→ **To do**
In the listing below, find the line containing "Bracknell Apartment |" and the line containing "Appartamento in affitto". Repeat exactly those two lines and every line between them, nothing more.

→ **The data**

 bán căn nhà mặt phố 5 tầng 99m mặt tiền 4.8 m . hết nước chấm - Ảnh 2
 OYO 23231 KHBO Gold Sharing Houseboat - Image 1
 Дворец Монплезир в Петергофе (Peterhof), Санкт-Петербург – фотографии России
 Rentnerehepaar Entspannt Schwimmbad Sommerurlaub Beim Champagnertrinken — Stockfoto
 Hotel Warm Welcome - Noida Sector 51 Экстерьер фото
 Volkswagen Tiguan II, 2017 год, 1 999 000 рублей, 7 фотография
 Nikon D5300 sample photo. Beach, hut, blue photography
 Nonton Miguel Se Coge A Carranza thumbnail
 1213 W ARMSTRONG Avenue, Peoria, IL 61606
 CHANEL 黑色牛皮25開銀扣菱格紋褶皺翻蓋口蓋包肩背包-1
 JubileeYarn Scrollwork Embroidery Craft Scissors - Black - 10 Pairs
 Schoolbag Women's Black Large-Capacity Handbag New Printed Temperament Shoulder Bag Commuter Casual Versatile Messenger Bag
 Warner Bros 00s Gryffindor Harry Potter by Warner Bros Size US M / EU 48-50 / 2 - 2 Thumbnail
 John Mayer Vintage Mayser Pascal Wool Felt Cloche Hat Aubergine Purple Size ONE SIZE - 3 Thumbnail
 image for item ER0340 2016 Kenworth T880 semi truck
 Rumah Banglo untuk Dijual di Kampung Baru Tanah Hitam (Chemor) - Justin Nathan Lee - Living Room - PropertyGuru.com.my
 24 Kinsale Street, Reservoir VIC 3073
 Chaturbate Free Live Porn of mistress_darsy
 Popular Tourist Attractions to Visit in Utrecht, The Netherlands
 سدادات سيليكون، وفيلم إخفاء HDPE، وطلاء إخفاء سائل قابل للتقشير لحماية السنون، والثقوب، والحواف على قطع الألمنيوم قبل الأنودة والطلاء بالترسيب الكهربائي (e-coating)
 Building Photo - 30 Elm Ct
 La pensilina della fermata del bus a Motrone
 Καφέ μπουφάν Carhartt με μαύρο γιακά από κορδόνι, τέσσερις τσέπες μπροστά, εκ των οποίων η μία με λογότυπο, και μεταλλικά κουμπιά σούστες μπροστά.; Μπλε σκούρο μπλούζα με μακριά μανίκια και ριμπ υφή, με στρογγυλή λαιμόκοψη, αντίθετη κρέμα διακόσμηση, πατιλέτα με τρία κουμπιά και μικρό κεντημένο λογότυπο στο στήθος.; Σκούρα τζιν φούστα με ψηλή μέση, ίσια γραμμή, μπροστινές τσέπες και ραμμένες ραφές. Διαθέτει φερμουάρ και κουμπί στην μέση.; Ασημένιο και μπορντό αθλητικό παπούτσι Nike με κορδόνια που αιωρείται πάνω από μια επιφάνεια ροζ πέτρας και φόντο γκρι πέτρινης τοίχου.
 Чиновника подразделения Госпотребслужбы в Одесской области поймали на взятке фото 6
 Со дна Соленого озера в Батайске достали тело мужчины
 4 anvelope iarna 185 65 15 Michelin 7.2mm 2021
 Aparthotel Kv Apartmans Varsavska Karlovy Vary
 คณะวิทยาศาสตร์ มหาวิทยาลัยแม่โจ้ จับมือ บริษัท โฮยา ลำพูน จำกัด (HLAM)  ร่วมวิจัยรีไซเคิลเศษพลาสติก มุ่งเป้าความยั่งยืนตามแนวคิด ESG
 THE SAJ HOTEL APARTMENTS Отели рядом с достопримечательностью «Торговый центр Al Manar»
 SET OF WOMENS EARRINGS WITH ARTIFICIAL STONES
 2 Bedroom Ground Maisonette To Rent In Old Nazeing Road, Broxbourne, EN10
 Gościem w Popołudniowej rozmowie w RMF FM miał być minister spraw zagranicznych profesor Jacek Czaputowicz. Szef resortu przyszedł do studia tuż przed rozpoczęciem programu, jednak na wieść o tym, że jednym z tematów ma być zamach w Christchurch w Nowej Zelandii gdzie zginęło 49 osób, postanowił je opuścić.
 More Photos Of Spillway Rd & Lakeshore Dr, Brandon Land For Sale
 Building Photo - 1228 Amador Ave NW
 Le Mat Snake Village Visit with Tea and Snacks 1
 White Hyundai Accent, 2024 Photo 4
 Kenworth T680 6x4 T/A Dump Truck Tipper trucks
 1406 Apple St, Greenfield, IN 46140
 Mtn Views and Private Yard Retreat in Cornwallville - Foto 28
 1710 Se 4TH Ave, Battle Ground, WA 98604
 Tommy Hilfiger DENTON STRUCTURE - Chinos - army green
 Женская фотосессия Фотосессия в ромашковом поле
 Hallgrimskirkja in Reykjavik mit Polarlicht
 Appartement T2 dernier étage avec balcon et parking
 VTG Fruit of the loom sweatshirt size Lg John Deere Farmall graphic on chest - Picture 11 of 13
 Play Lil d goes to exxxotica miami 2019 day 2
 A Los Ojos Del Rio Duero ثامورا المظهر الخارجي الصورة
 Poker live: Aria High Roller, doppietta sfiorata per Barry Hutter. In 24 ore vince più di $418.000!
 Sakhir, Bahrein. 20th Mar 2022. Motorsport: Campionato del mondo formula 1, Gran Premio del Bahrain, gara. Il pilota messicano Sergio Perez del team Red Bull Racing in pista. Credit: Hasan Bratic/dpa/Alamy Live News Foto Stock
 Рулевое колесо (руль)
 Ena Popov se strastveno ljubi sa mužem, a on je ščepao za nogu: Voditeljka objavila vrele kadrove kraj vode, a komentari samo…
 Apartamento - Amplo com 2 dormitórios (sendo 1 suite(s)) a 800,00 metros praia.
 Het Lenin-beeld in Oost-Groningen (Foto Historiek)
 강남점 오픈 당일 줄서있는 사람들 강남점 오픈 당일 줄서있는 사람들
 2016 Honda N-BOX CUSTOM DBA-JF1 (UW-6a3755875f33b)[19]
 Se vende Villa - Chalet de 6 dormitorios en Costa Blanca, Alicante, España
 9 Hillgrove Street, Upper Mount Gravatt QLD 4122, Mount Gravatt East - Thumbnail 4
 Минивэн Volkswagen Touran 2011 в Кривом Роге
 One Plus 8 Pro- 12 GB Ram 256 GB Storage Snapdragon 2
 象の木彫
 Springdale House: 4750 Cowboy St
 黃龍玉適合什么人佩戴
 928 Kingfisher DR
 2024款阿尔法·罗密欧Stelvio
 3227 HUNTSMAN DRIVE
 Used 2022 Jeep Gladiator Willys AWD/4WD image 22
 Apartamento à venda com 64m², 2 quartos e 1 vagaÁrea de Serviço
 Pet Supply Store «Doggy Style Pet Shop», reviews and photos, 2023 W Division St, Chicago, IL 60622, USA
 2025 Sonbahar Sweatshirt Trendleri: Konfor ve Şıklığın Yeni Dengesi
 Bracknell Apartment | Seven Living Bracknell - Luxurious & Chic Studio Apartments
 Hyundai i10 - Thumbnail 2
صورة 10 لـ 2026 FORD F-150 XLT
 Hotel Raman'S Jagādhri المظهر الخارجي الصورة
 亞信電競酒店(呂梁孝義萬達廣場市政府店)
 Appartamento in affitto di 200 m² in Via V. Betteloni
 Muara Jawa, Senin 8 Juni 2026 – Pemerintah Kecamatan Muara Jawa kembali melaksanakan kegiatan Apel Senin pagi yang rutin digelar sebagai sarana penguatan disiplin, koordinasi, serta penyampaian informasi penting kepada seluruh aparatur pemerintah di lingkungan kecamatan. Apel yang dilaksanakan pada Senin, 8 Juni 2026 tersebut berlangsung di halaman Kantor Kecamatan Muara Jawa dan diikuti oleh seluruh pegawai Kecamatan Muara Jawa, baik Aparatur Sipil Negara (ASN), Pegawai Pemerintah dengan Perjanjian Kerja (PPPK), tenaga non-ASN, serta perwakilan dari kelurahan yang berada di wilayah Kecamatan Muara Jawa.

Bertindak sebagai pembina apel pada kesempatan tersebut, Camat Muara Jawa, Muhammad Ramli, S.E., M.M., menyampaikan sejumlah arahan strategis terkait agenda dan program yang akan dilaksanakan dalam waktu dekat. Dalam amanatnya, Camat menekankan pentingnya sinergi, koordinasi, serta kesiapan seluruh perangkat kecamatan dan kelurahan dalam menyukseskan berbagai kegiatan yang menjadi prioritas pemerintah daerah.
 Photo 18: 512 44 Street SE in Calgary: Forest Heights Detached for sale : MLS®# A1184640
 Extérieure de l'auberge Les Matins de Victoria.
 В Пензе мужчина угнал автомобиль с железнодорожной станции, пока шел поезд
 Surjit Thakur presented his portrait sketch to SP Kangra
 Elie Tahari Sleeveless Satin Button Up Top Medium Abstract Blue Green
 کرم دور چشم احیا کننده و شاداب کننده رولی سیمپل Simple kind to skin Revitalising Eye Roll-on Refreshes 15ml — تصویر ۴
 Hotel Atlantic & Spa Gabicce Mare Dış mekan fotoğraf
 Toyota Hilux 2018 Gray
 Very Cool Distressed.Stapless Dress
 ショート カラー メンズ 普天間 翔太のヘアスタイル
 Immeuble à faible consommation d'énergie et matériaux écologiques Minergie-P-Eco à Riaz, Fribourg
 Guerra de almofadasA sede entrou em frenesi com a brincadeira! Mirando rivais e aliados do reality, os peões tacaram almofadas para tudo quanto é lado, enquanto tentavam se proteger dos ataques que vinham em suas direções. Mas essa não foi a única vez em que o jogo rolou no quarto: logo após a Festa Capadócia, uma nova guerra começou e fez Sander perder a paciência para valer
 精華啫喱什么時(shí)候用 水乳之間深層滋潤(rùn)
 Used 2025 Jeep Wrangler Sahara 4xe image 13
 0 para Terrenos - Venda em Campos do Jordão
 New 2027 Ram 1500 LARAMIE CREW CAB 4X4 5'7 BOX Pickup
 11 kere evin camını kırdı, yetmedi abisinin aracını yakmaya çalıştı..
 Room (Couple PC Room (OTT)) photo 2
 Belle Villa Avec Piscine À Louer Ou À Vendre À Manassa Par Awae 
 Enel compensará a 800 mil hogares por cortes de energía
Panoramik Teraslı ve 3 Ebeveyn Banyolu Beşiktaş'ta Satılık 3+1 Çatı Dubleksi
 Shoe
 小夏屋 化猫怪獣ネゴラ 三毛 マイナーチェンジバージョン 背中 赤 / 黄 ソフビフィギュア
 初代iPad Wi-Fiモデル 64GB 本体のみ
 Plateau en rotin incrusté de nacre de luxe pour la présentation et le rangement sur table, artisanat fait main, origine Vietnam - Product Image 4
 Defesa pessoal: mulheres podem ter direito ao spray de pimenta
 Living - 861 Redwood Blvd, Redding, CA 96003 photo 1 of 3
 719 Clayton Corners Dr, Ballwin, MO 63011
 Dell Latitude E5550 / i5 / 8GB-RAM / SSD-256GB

→ **Exercise answer**
 Bracknell Apartment | Seven Living Bracknell - Luxurious & Chic Studio Apartments
 Hyundai i10 - Thumbnail 2
صورة 10 لـ 2026 FORD F-150 XLT
 Hotel Raman'S Jagādhri المظهر الخارجي الصورة
 亞信電競酒店(呂梁孝義萬達廣場市政府店)
 Appartamento in affitto di 200 m² in Via V. Betteloni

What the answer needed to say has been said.